From the line with "A hotel room" through the line with "Copa Libertadores, SF", inclusive, return each line of the data below exactly and leave the rest out.

BEGIN DATA LISTING

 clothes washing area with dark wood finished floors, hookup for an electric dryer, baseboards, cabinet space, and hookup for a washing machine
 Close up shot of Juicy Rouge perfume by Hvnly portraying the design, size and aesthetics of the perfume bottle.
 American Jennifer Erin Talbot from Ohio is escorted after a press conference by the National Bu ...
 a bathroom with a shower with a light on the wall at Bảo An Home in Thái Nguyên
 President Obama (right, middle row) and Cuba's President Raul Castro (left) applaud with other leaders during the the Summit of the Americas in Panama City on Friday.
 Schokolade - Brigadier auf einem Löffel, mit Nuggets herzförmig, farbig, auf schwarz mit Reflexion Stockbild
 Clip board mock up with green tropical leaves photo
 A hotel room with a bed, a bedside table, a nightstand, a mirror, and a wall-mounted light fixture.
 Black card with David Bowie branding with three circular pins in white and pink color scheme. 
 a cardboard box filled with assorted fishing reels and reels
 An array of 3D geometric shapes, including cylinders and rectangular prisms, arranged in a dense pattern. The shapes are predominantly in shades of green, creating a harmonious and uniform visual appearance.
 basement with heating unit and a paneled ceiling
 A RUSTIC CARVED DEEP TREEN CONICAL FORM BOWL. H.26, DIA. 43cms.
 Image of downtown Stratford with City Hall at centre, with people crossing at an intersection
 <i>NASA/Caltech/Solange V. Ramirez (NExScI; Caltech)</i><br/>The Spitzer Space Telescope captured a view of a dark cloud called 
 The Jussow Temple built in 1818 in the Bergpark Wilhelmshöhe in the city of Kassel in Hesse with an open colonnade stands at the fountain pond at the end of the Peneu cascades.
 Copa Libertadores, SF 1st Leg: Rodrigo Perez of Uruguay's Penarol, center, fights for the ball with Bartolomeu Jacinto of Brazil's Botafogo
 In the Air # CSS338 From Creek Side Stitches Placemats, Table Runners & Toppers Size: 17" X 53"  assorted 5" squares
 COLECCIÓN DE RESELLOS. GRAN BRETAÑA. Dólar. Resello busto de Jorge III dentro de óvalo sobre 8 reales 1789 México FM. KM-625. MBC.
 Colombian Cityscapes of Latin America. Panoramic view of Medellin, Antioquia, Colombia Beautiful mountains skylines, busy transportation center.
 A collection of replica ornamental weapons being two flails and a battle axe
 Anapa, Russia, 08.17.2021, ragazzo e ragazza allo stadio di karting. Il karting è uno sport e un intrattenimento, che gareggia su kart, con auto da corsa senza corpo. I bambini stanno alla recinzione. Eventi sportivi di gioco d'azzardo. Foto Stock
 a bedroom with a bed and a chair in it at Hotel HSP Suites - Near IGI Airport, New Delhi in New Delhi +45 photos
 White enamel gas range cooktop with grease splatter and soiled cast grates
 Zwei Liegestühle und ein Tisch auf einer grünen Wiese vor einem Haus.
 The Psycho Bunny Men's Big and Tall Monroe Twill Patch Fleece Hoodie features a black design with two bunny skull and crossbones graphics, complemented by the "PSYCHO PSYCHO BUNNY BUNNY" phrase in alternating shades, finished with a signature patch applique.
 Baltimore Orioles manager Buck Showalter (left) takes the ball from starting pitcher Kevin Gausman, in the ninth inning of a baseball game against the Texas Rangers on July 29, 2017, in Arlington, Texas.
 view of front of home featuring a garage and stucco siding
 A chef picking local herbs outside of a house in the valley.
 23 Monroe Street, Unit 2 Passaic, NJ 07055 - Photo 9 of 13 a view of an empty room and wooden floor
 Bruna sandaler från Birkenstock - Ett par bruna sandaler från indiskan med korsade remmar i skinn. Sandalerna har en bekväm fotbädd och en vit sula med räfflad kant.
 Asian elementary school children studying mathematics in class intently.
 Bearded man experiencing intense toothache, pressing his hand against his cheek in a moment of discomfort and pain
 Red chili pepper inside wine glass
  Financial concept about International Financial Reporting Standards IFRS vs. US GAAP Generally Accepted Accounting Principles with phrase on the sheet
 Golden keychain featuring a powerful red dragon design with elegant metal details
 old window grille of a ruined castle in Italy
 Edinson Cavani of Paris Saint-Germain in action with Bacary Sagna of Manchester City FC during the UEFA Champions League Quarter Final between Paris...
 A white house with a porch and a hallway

END DATA LISTING

- REPLY:
 A hotel room with a bed, a bedside table, a nightstand, a mirror, and a wall-mounted light fixture.
 Black card with David Bowie branding with three circular pins in white and pink color scheme. 
 a cardboard box filled with assorted fishing reels and reels
 An array of 3D geometric shapes, including cylinders and rectangular prisms, arranged in a dense pattern. The shapes are predominantly in shades of green, creating a harmonious and uniform visual appearance.
 basement with heating unit and a paneled ceiling
 A RUSTIC CARVED DEEP TREEN CONICAL FORM BOWL. H.26, DIA. 43cms.
 Image of downtown Stratford with City Hall at centre, with people crossing at an intersection
 <i>NASA/Caltech/Solange V. Ramirez (NExScI; Caltech)</i><br/>The Spitzer Space Telescope captured a view of a dark cloud called 
 The Jussow Temple built in 1818 in the Bergpark Wilhelmshöhe in the city of Kassel in Hesse with an open colonnade stands at the fountain pond at the end of the Peneu cascades.
 Copa Libertadores, SF 1st Leg: Rodrigo Perez of Uruguay's Penarol, center, fights for the ball with Bartolomeu Jacinto of Brazil's Botafogo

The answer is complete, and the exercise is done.